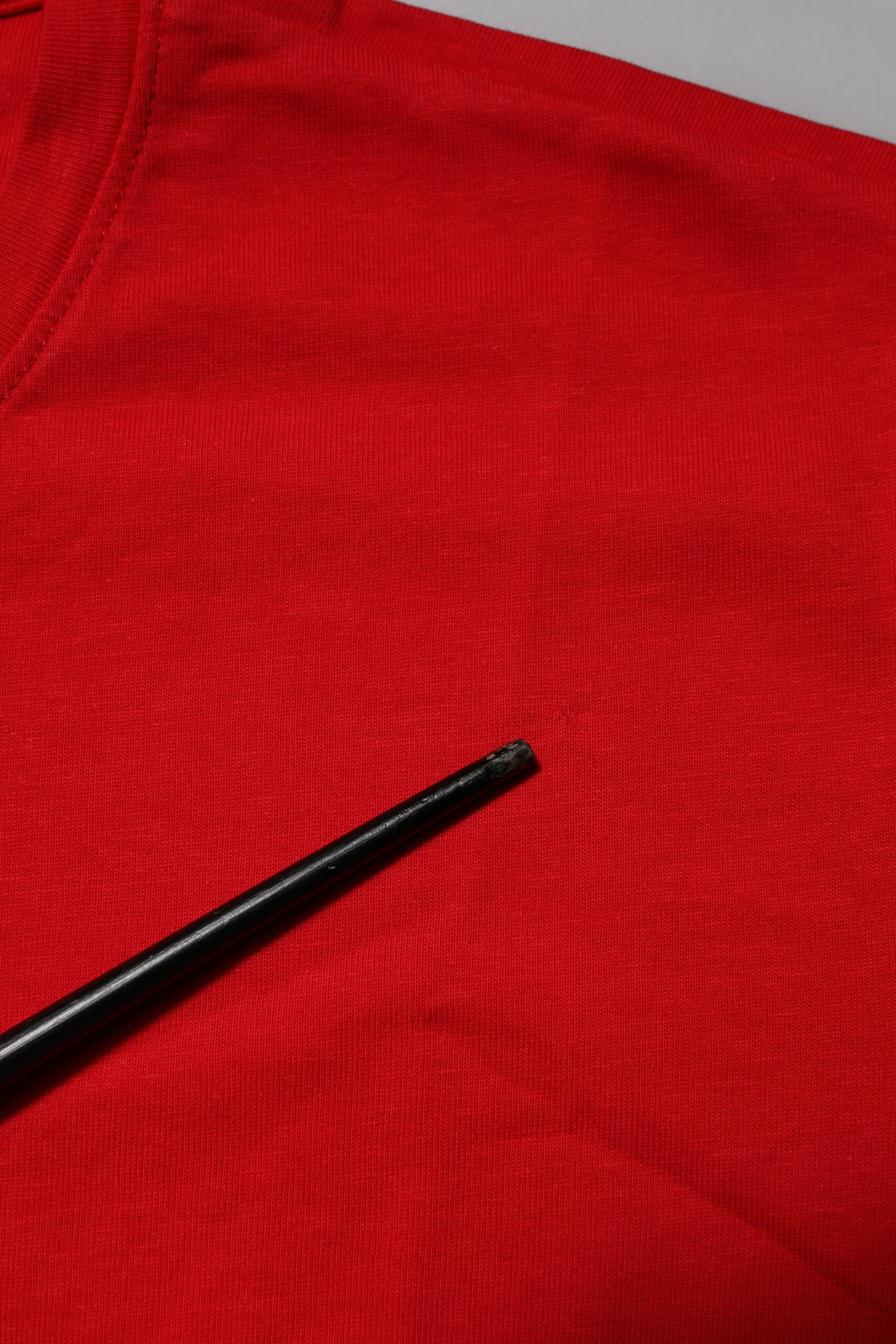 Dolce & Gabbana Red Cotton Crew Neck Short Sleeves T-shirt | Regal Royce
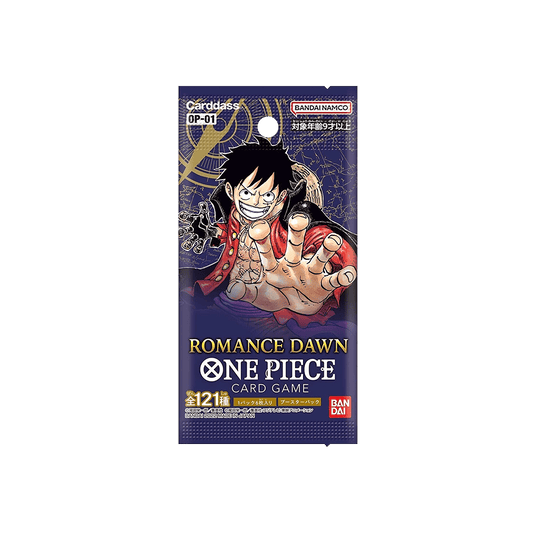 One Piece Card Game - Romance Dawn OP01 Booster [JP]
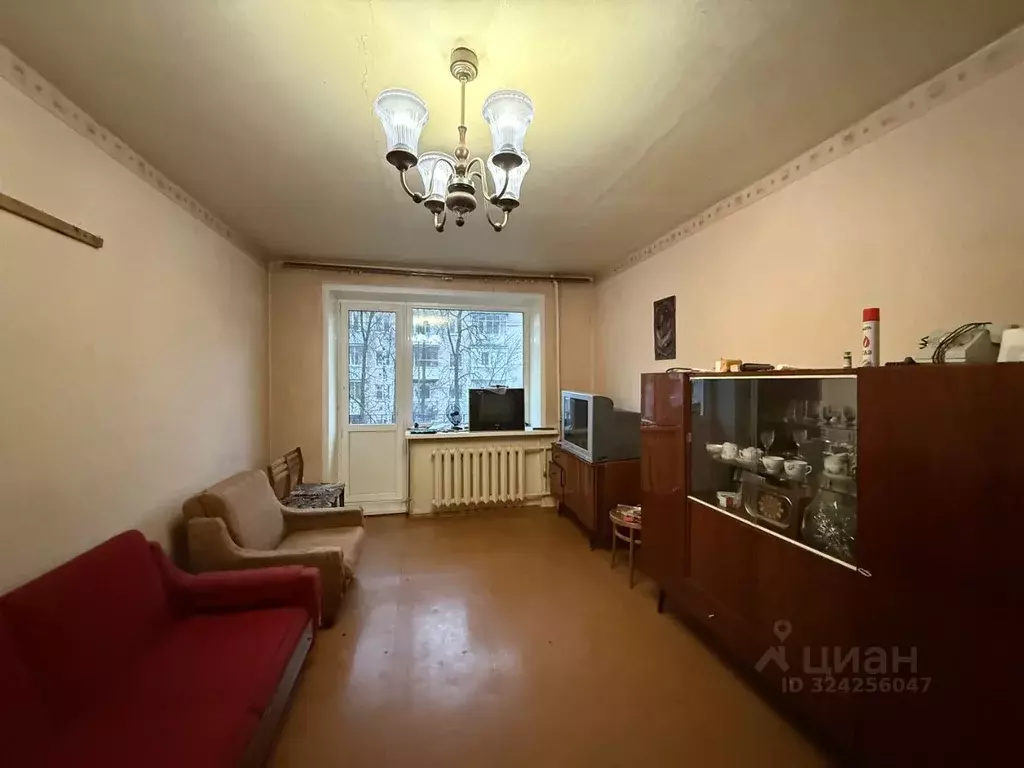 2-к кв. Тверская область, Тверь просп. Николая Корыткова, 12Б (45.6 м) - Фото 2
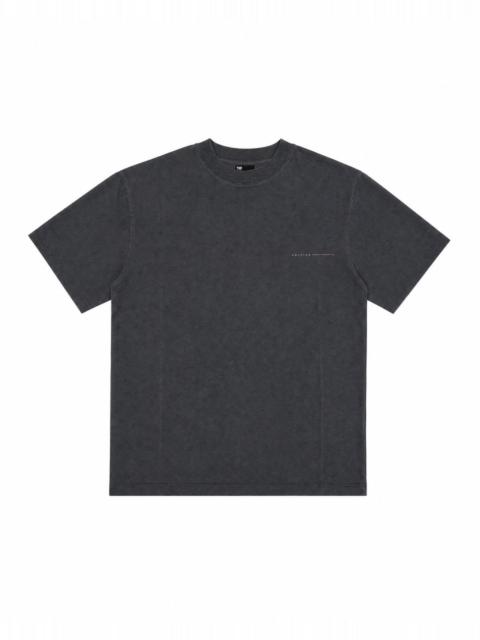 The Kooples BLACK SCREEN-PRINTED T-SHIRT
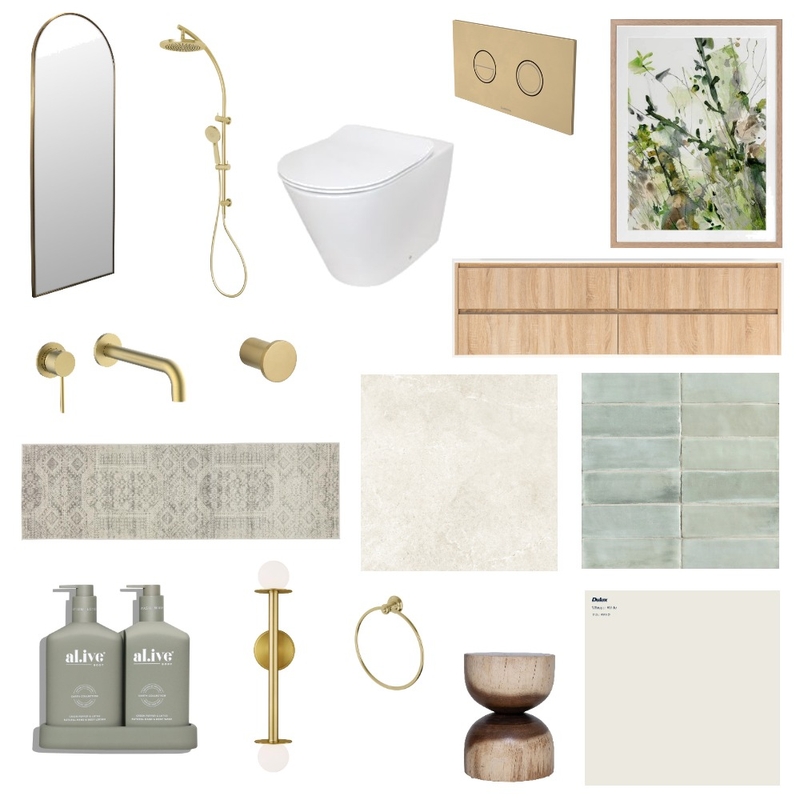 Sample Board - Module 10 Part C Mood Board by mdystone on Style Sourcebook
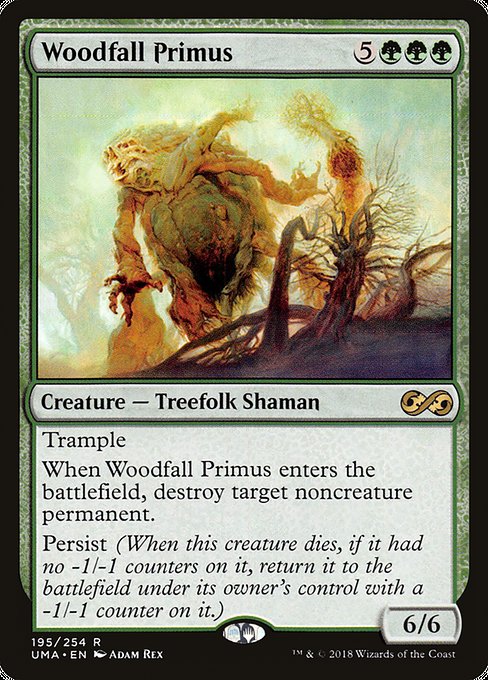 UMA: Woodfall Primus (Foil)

=====

Give again the lines from the line that contains "Sample Board - Module" through the last line of the material above, exactly and with both ends included. Omit the pictures.

> [Written solution]
 Sample Board - Module 10 Part C Mood Board by mdystone on Style Sourcebook
 UMA: Woodfall Primus (Foil)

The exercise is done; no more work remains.